Breast feeding, obesity, and asthma association: clinical and molecular views
Kian N, Bagheri A, Salmanpour F et al
Clinical and Molecular Allergy 2023;21:8 (3-Oct)
Asthma is a chronic condition that affects children worldwide. Numerous studies have reported that the prevalence of pediatric obesity and asthma might be altered through breastfeeding. This article reviews the literature regarding this association. It has been proposed that Leptin, which exists in human milk, is oppositely associated with weight increase in newborns. It may also influence peripheral immune system by promoting TH1 responses and suppressing TH2 cytokines. Leptin influences body weight and immune responses through complex signaling pathways at molecular level.
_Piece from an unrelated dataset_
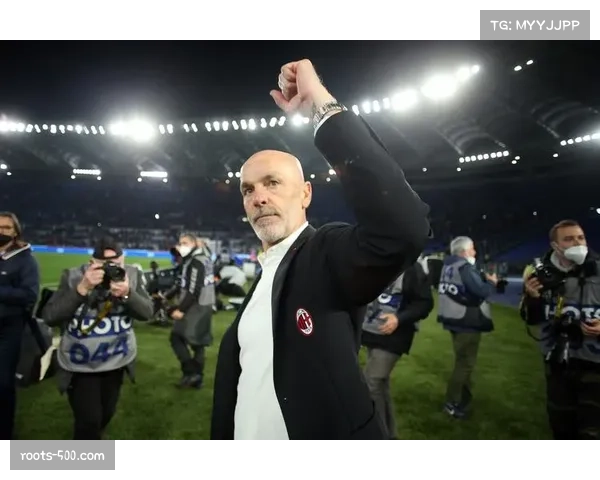 官方:AC米兰与主帅皮奥利完成续约,新合同至2027年 官方:AC米兰与主帅皮奥利完成续约,新合同至2027年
Although previous studies provide explanations for the protective role of breastfeeding against both obesity and asthma, other factors such as duration of breastfeeding, parental, and prenatal factors may confound this relationship which requires further research.
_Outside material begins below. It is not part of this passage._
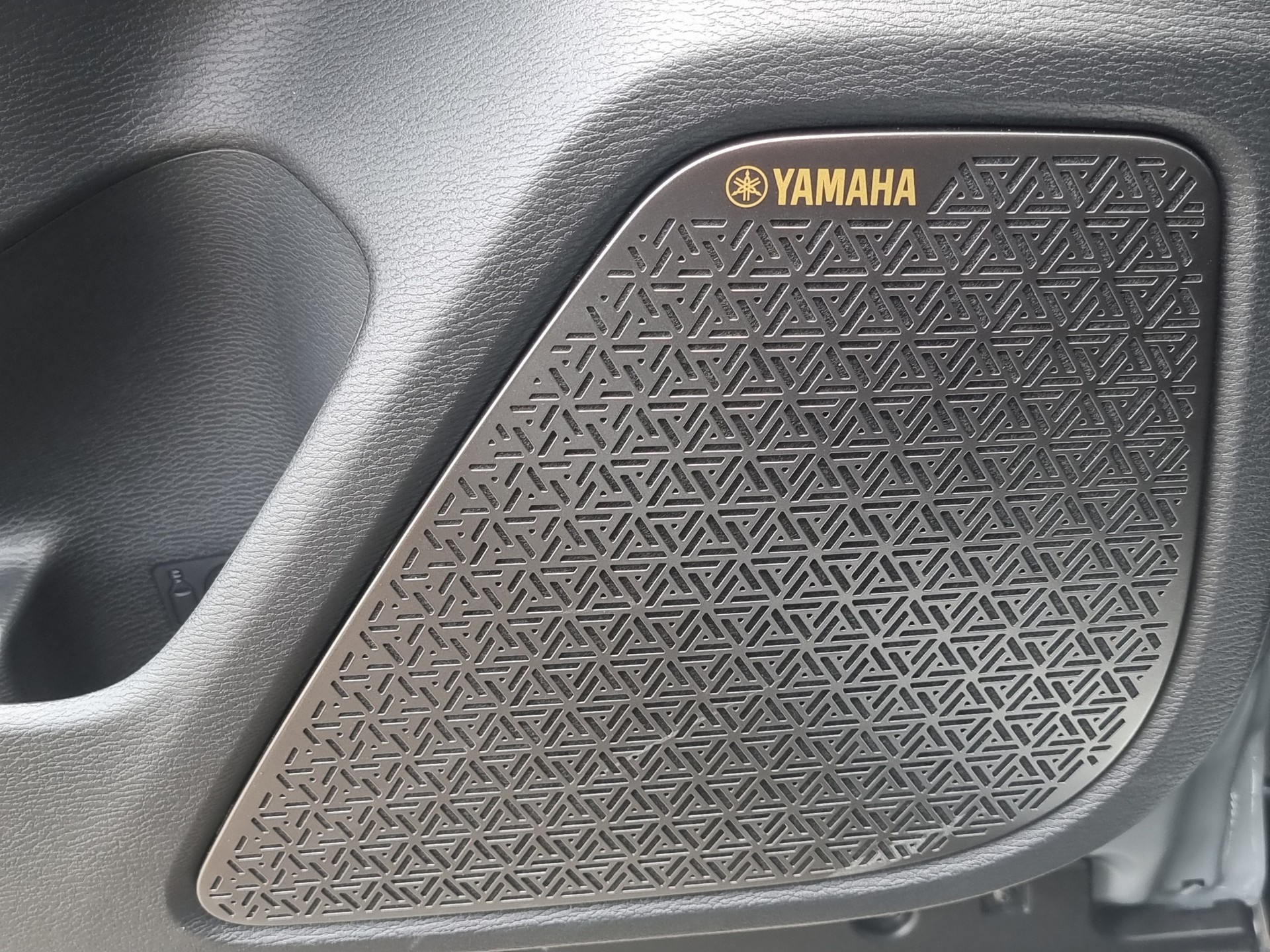 MITSUBISHI Outlander 2.4 PHEV Instyle 4x4 Blackline-image-11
A nerve-goblet cell association promotes allergic conjunctivitis through the rapid antigen passage
Kimura M, Ando T, Kume Y et al
JCI Insight 2023;8(21)e168596 (11-Oct)
The penetration of allergens through the epithelial layer is the initial step in the development of allergic conjunctivitis. Although allergic patients manifest symptoms within minutes after pollen exposure, the mechanisms of the rapid allergen transport remain unclear. In the present study, the authors found that the instillation of pollen shells rapidly induces a large number of goblet cell-associated antigen passages (GAPs) in the conjunctiva. Antigen acquisition by the stromal cells including macrophages and CD11b+ dendritic cells correlated with the surface GAP formation. Furthermore, a substantial amount of antigen was transported to the stroma during the first 10 minutes of the pollen exposure, which was sufficient for the full induction of an allergic conjunctivitis mouse model. They found that the inducible rapid GAP formation and antigen acquisition was suppressed by topical lidocaine or trigeminal ablation, indicating that the sensory nervous system plays an essential role. Interestingly, pollen shell-stimulated GAP formation was not suppressed by topical atropine, suggesting that the conjunctival GAPs and intestinal GAPs are differentially regulated. These results identify pollen shell-induced GAP as a novel therapeutic target for allergic conjunctivitis.